Das Coronadil

Foto: Ellen Erdbeer

Es ist angeschlagen, das linke Auge fehlt, ein paar Schuppen sind irgendwann verloren gegangen. Vielleicht ein dysfunktionaler Nussknacker? Aus Messing. Ein Ding, dass wirklich keiner braucht. Gestrandet im Krimskramsladen der Vorstadt.

Von D. aus dem Trödelladen.

D. ist reich und meistens strahlt er Heiterkeit, Sorgenfreiheit aus. Drei Monate war sein Laden zu. Ich radele vorbei und sehe Licht. Rein, ein Verbündeter, denn die Zeiten sind natürlich hart für ihn und mich.

Es sei für ihn wie Weihnachten gewesen, die erste Öffnungswoche. Die Leute kaufen wie wild, sagt er fröhlich lächelnd.

Und wie es mir...?

Nicht so gut, depressiv, Auftragseinbruch, von 100 auf 0 und das für 5 Monate.

Jetzt läufts langsam wieder an.

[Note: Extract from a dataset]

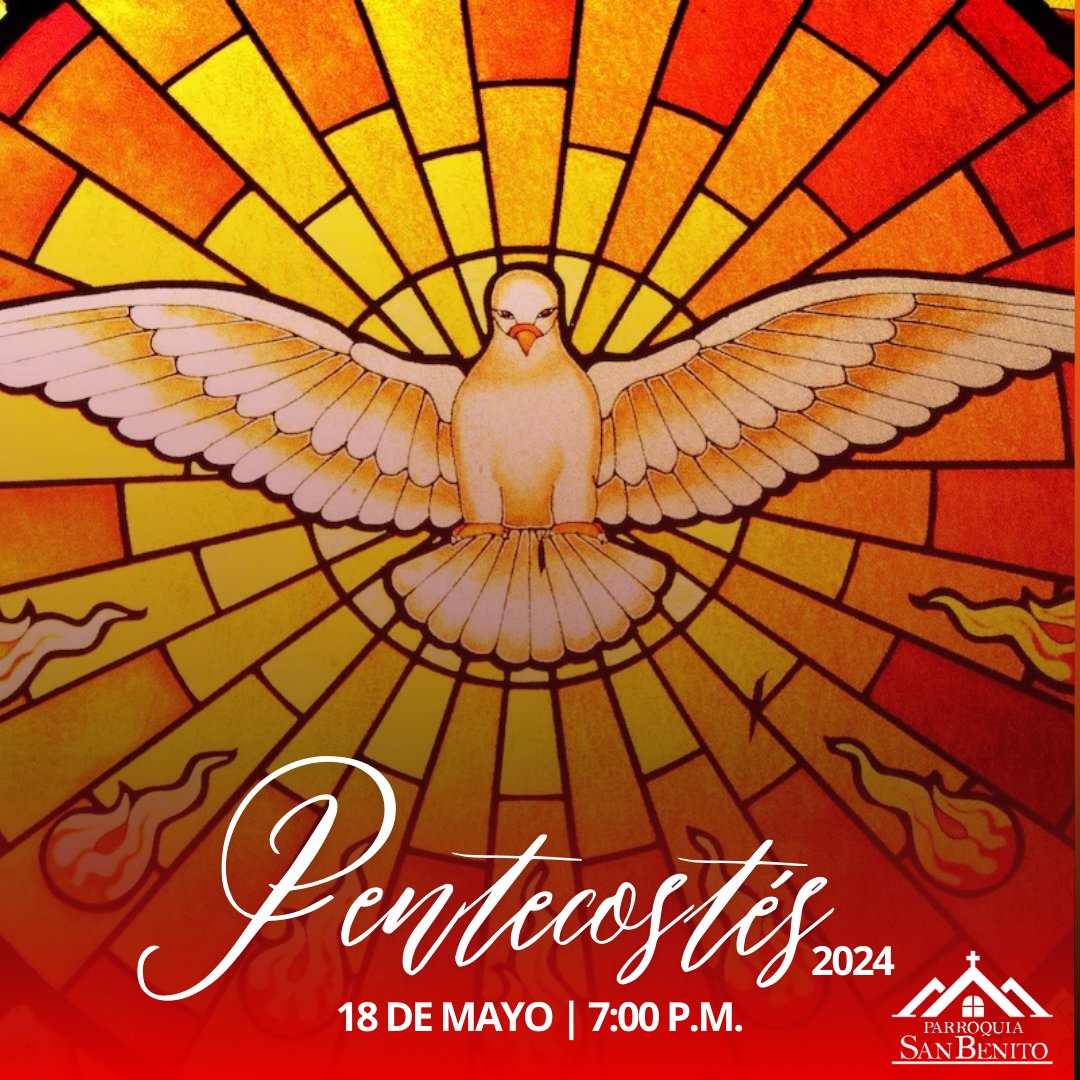 #Pentecostés
'Y quedaron llenos del Espíritu Santo'.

Tränen steigen mir in die Augen.

"Will dir was erzählen, letzte Woche Mittwoch...",

ich bin eigentlich noch gar nicht fertig mit meinem Leid.

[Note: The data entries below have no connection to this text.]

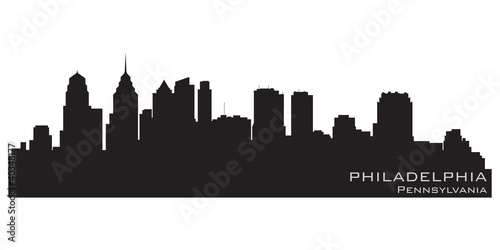 Philadelphia  Pennsylvania skyline. Detailed vector silhouette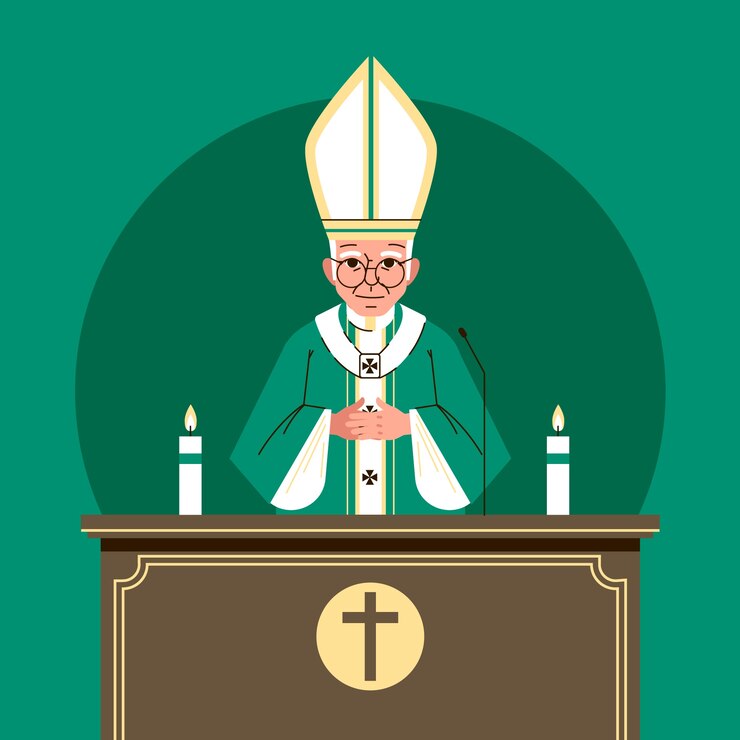 Miễn phí Vector hand drawn flat design pastor illustration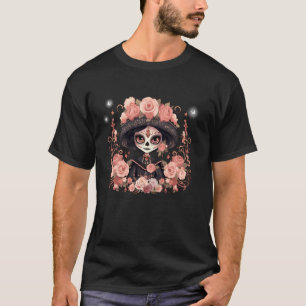 T-shirt Femmes Crâne de Sucre Dia De Muertos La Catrina Jo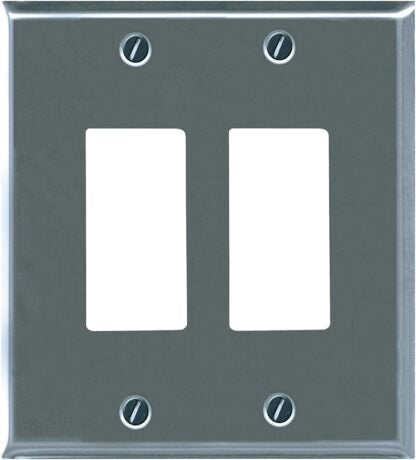 Atron Traditional Series 2-161RR Wallplate, 5 in L, 4-5/8 in W, 2-Gang, Metal, Chrome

D. unterbricht mich: "Nein hör mal, da kommt eine alte langjährige Kundin herein, über 80, noch sehr gut dabei, Hallo - begrüßen wir uns, frag sie, wie es geht, die Dame sagt, komme mich zu verabschieden."

"Wie verabschieden? Jetzt doch ins Altersheim?"

"Nein, ich mag nicht mehr, Essen macht mir keinen Spaß mehr, Vogelgesang erfreut mich nicht mehr, das Leben ist nicht mehr so toll. Hab mir die Pille aus der Schweiz kommen lassen, 9000 Euro, nächste Woche will ich sie bei mir zu Haus nehmen. Sag jetzt allen Bescheid, die mir wichtig sind."

"Nee, Frau Soundso, echt jetzt, wirklich?"

"Ja, ich mag nicht mehr."

Ich will D. unterbrechen, bin noch mit meinem erarbeiteten Schmerz beschäftigt,

"Nee hör mal weiter! Die ist dann vorgestern wieder gekommen und hat gesagt, morgen ist es so weit. Und Tschüss! Hat sie dann auch gemacht, im Kreis ihrer Familie, waren fast alle da und sie ist gegangen."

Er strahlt mich an.

Was für eine Geschichte - eben mal so zwischen Lampen, antikem Zeugs und wertvollen Möbeln.

D. unterbricht sich jetzt, schaut in seinem Laden rum. "Weißt Du, ich will Dir gerne was mitgeben, irgendwas so weil - da, das geb ich Dir" und schenkt mir dieses Krokodil aus Messing mit Spuren eines daran wirkenden Lebens.

Der Schmuck geht langsam ab, die Perlen und Plättchen, der schöne Schein, aber Zähne zum Durchbeißen hat es.

Ist D. irre oder Engel? Was will D. mir sagen? Will er das überhaupt? Und was hat er mir gesagt?

 

Ich nehm das als Geschenk und mein Coronadil mit nach Hause.